Wildlife Damage Management, Internet Center for


Date of this Version

November 1976


An estimated 538 million blackbirds and Starlings are found in the United States, based on the national cooperative blackbird/Starling winter roost survey conducted by the U.S. Fish and Wildlife Service during the 1974-75 winter period of December 20-February 15. Ap- proximately 74% or 398 million of these blackbirds and Starlings occurred in the Eastern States, including the tier from Minnesota to Louisiana; 26% or 139 million birds were in the West.

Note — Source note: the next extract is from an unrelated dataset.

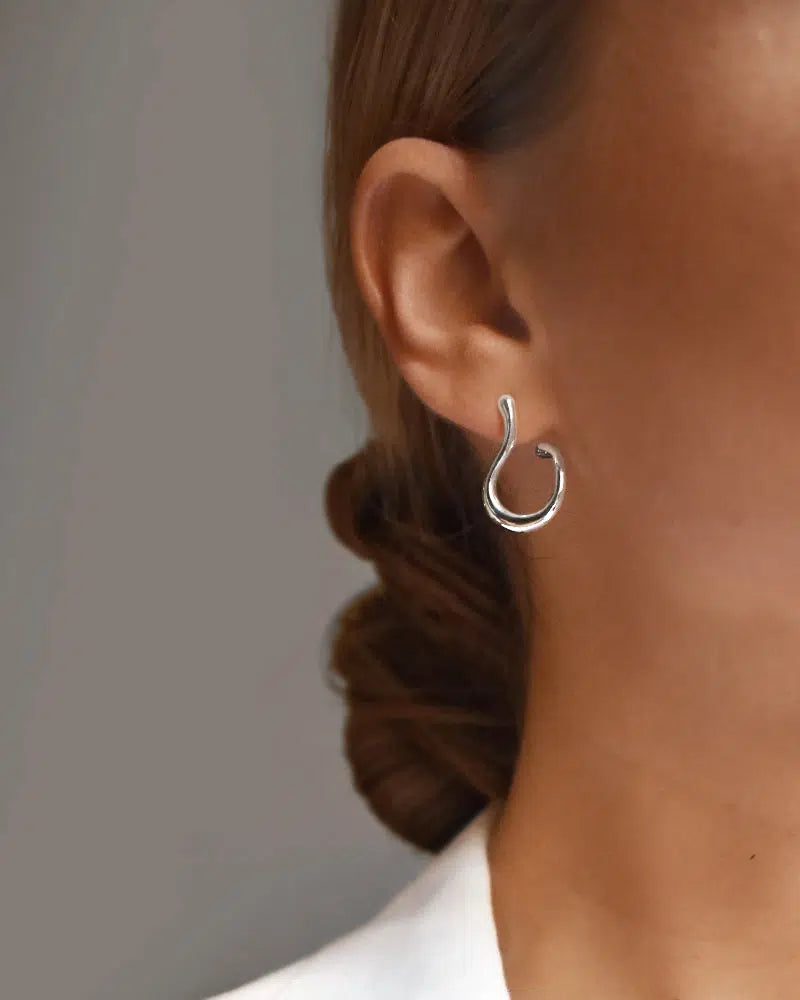 Breeze small earring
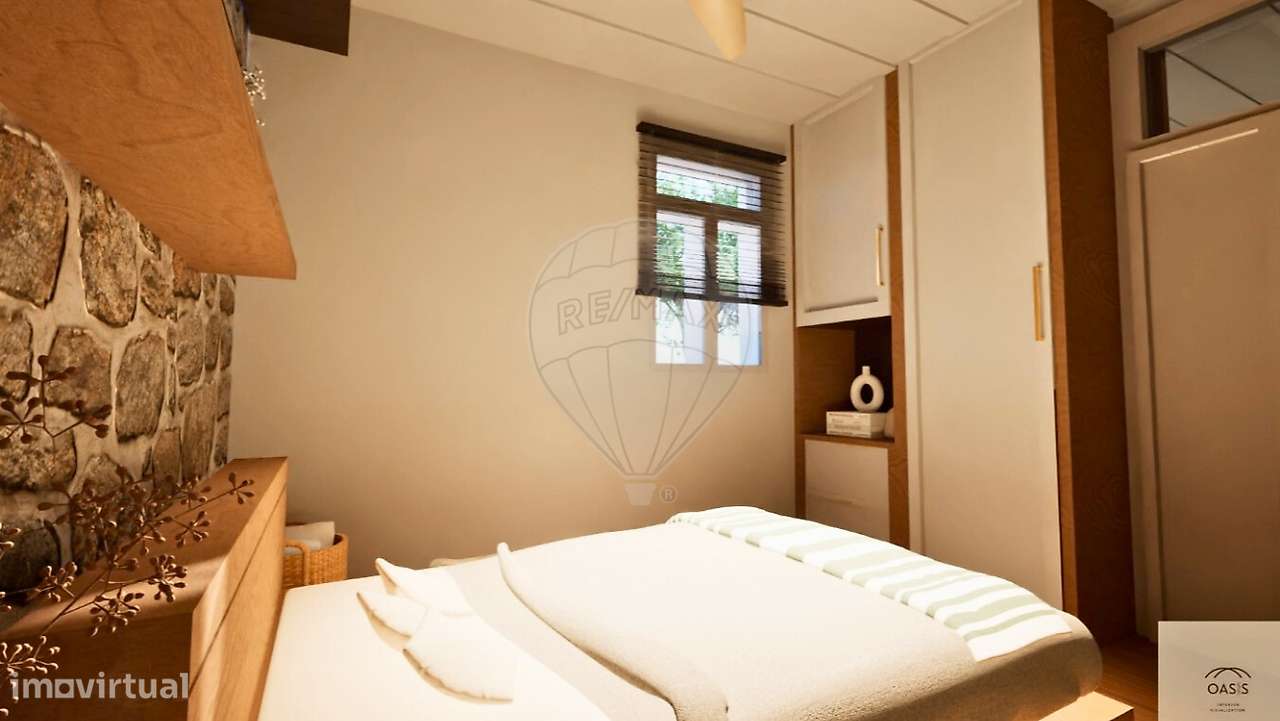 Moradia T5 para venda-6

The national roosting population in 1974-75 was composed of 11 species (Table 1) in the following approximate proportions: 38% Red-winged Blackbirds; 22% Common Grackles; 20% Starlings; 18% Brown-headed Cowbirds; 2% Brewer’s Blackbirds; and less than 1% six species combined (Rusty Blackbirds, Boat-tailed Grackles, Great-tailed Grackles, Tri-colored Black- birds, Yellow-headed Blackbirds, and Bronzed Cowbirds). (Some 2 million robins also were reported in the 1974-75 survey, though not solicited and therefore not tabulated, from 20 of the blackbird roosts in the Southeast.) The 1974-75 species proportions are similar to those found in the last nationwide winter survey (1969-70). In the 1963-64 national winter survey, Redwings made up 33% and Common Grackles 31% of the total population.